Since the beginning of 2016, the total debt has spiked by $15 trillion, or by 80%! This stuff is just breathtaking.

Marketable securities: $26.9 trillion, up by $2.24 trillion in the seven months since the debt ceiling. They’re held and traded by the global public, from regular folks diving into T-bills to money market funds, bond funds, banks – oh lordy – insurance companies, other financial and nonfinancial outfits, including Apple and central banks.

The Fed’s holdings of Treasury securities are now down to $4.8 trillion, after having unloaded about $1 trillion of them under QT.

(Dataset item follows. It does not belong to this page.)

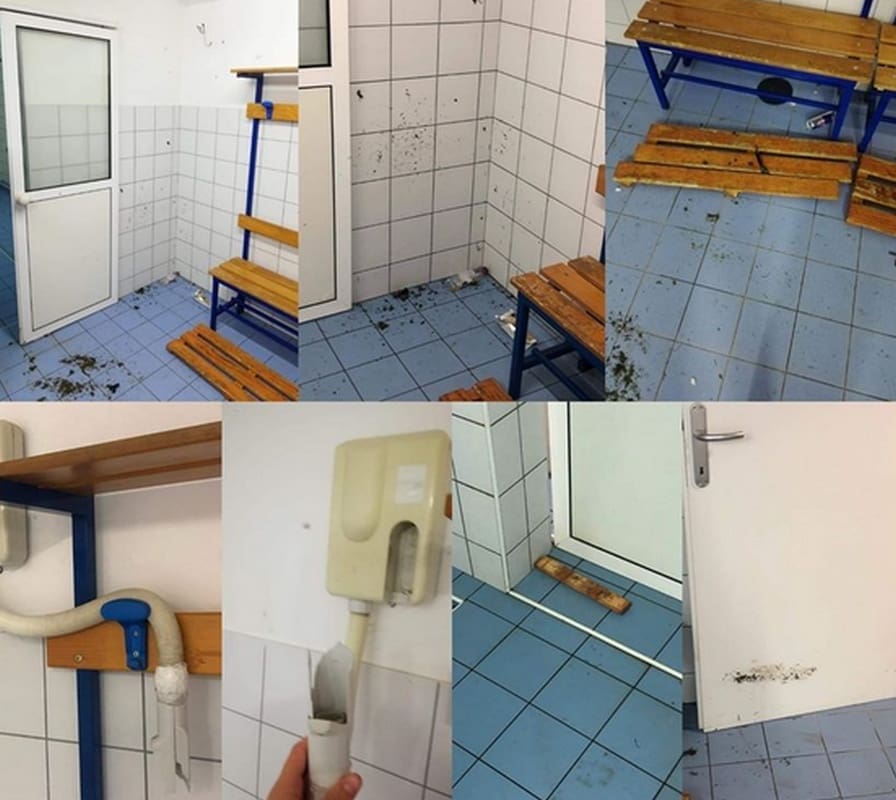 SINJANI ZGROŽENI Pogledajte što je netko napravio od svlačionice NK Junaka nakon utakmice s Hrvacama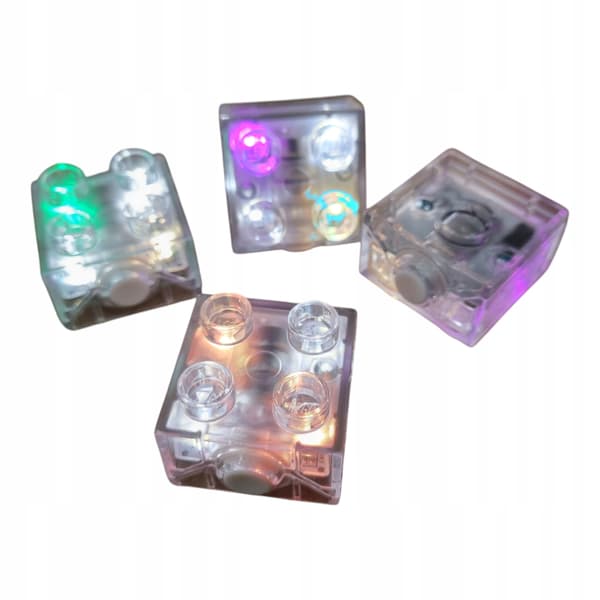 LS NEW LEGO DUPLO LIGHT-UP BRICK 2x2 + GIFT BOX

Foreign investors are holding on to what they have had in dollar-terms, about $7.6 trillion. But the mix of countries is changing, with China and a few others unloading, while the big financial centers and a few other countries are loading up. But their share of the incredibly ballooning debt has plunged from over 32% in 2015 to just 22% now.

Nonmarketable Treasury securities: $7.1 trillion, up by $300 billion in the seven months since the debt ceiling. They’re not traded in the market; they’re held by US government pension funds, the Social Security Trust Fund, etc. A portion of these nonmarketable securities are the I-bonds and EE savings bonds that are held by American individual investors.

Interest payments as percent of tax receipts is the crucial metric that depicts the burden of this debt. In other words, to what extent do interest payments eat up tax receipts, and what’s left to pay for other stuff?

The measure of tax receipts used in the metric is total tax receipts minus contributions to social insurance and some other factors. It’s what’s available to pay for regular government expenditures, including interest expense. The ratio  of interest payments to tax receipts spiked to 35.7% in Q3.

History shows that when interest payments eat up close to half of the tax receipts, the rest of the world gets very nervous about the US debt, and then finally Congress gets more serious about dealing with this issue, but not until then.